Fun Fun Fun
FFF6 in review: Okkervil River eschews nostalgia for rock and roll
Okkervil River made its reputation and rose to prominence as purveyors of sad folk-y songs. That’s definitely the material that marked the band’s tenure as an Austin local act, before frontman Will Sheff’s 2006 relocation to Brooklyn. But it’s been a while since that was what the band really offered in a live setting, and the Fun Fun Fun Fest performance on the Orange Stage on Friday was another firm reminder that this is a Big Rock Band now.
Maybe it was all the nostalgia swirling around the other stages—a Murder City Devils reunion! An aborted attempt at a Misfits set by Danzig! Public Enemy in full effect!—or maybe it was the fact that this marked the band’s eighth Austin performance of 2011, or maybe it was all of the Ryan Gosling chatter buzzing through the crowd that had us looking for a sensitive hero. Whatever it was, the fact that the band’s early Austin days, and the material that came with it, has largely been stricken from the band’s repertoire was kind of a bummer. Hey Girl, the river is deep and the river is wide / and the girl that I love is on the other side / she wants to move to Kansas City / move to Kansas City / move, pretty baby, where the sky is so blue….
But Okkervil River isn’t that band anymore, and it hasn’t been for a long time. It’s a uniquely Austin situation—falling in love with a band when they’re regulars on the Flipnotics patio or at the Hole in the Wall, and then feeling a little bit abandoned when, even after they’ve played your city eight times this year, they’re never going to be that band again.

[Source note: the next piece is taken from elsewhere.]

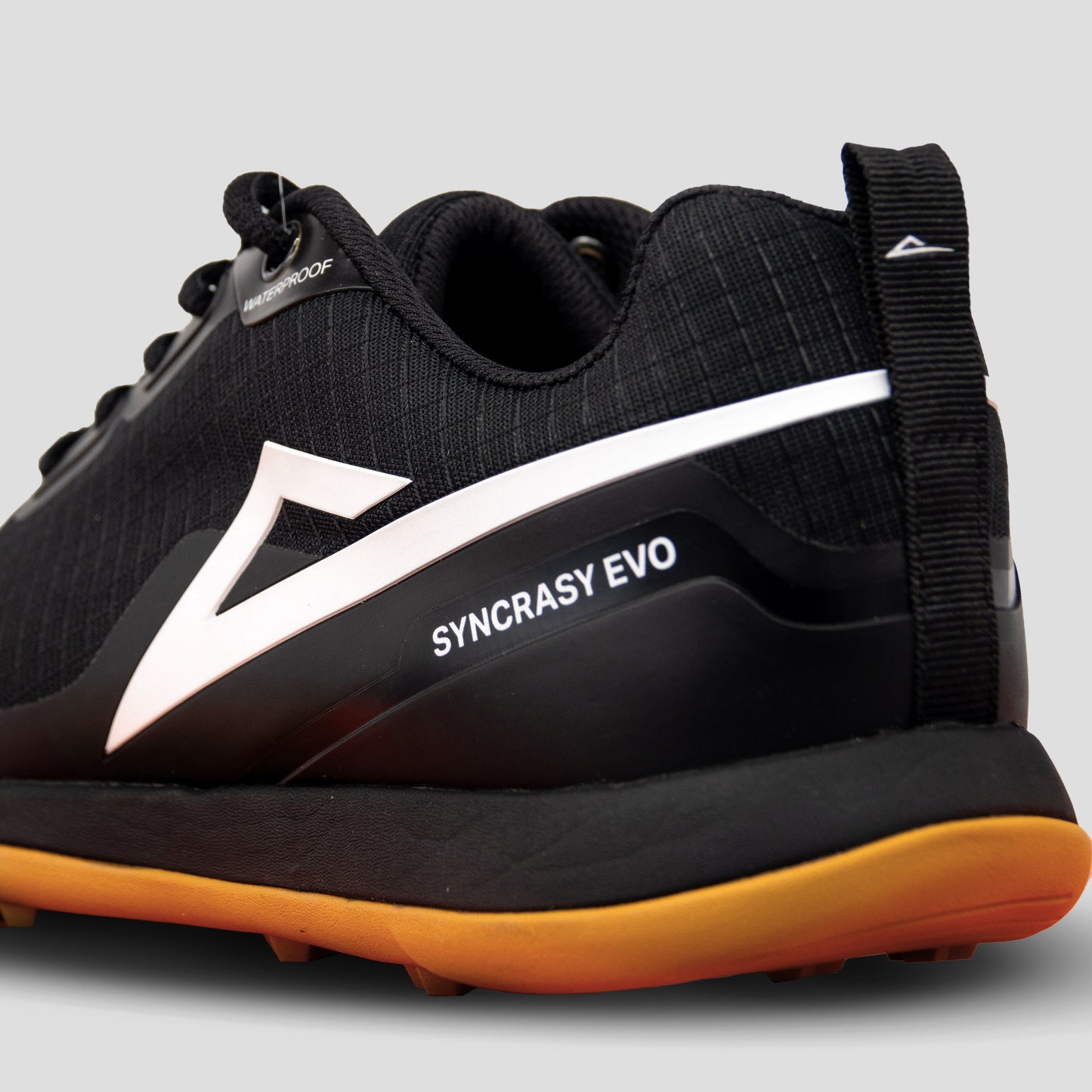 2025 Syncrasy EVO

By the same token, the band that Okkervil River is now is great at what it does. Yeah, it’s a Big Rock Band, and the material that Sheff writes is designed to fill a stage with a lot of noise. That’s always been true—even when he was a local playing the inside room at Emo’s, it was clear that was the vision he had for the band—but it seems like it took some of the opportunities that come with international success for him to realize that dream.
What the band delivered on the Orange Stage was a full-on rock show, with Sheff staggering wildly across the stage and pulling off mic stand tricks. The moves were good during “Our Life Is Not A Movie Or Maybe,” and the energetic rocker that opens this year’s I Am Very Far, “The Valley,” sounded inspired. Part of that is due to the success of the Fun Fun Fun Fest arrangement, too—at any point during the set, it was easy enough to walk up and claim a spot about 20 feet from the stage, which kept the show intimate despite the backdrop of the Austin skyline, and the sound was loud and crisp, not the sort of half-assed mix that you sometimes find at festivals. But the band, as rollicking and full as its music is now, is still fully engaging. And you can’t script moments like the sun setting behind the stage during “Your Past Life As A Blast.”
So even if it is just the nostalgia trip that Fun Fun Fun Fest painstakingly curates in its booking that made us miss the circa-2001-2004 Austin-based version of Okkervil River, there’s another reminder about the band from the Orange Stage as well: no matter what the songs they play sound like, they’re still pretty great.